Und die Summe, die er ihr genannt, klang ihr im Ohr: Fünfundzwanzigtausend . . . Aber wenn sie noch vor wenigen Monaten atemlos, wie vor den Schätzen der Zauberhöhle Sesam, »Zehntausend?« als eine Märchensumme geraten hatte, so imponierten ihr heute diese Fünfundzwanzigtausend in keiner Weise mehr. Sie konnte sich ja leicht ausrechnen, was die sieben Monate seit dem März verschlungen hatten. Aber sie hatte so oft schon in ihrem Leben, bei manchem Abenteuer, das goldene Berge versprach und mit einem vernichtenden Fiasko schloß, Entsagung lernen müssen, daß sie auch jetzt, nach dem ersten Schreck, sich ohne weiteres mit den Tatsachen abfand.

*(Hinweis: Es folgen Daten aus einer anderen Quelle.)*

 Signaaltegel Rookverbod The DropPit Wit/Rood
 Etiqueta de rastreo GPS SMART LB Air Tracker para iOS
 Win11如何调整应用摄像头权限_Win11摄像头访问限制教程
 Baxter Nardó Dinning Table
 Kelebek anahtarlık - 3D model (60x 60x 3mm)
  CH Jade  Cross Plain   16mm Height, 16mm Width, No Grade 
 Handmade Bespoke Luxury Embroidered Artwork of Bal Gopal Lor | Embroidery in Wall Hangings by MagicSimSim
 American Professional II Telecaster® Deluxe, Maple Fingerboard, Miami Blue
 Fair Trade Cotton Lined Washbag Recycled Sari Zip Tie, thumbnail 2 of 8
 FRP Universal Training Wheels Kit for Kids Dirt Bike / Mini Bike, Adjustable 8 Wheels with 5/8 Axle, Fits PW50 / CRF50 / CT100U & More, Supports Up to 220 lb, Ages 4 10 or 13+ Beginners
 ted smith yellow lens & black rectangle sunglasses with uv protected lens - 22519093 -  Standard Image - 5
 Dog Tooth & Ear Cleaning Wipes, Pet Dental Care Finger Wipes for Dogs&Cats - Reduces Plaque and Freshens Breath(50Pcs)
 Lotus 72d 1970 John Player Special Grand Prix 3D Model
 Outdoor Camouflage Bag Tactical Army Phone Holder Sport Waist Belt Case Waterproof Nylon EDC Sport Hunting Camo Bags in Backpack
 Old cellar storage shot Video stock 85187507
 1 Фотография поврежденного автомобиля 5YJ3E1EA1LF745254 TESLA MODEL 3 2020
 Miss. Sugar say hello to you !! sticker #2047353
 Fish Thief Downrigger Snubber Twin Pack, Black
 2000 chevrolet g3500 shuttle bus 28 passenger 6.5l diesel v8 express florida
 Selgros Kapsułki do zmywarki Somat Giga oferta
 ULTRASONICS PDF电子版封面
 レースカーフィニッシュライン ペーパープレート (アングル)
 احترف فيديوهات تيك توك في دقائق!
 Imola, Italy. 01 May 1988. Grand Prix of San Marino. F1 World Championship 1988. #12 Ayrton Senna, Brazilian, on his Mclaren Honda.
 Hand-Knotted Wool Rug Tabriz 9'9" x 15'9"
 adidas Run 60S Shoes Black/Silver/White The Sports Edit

Wenig war immer noch besser als gar nichts. Sie hatte zweifellos eine Dummheit begangen, Rolf so hundemäßig zu behandeln; solange sie das Kind erwartete, war sie ja völlig abhängig von ihm. Wenn er auch eben, wie immer, geduldig hatte auf sich herumtrampeln lassen, so konnte es doch einmal anders kommen. Also gab es nur eins für sie: Ihn regelrecht wieder einwickeln, daß er die häßliche Szene vergaß, und im übrigen einmal energisch an das Sparen zu denken, damit sie ohne Katastrophe über die schlimme Zeit hinwegkam.

Sie beugte sich zu ihm hinab. Und langsam, Wort für Wort ihm in die Adern gießend, sagte sie mit kindlicher Stimme, wie ein verzogenes Baby:

»Loni ist häßlich gewesen, Loni will immer artig sein. Und Loni hat ihr kleines Männi lieb.«

Er saß regungslos vor ihr, sekundenlang. Und dann warf er sich ihr zu Füßen, küßte er inbrünstig, wie ein Leibeigener, den Saum ihres Kleides.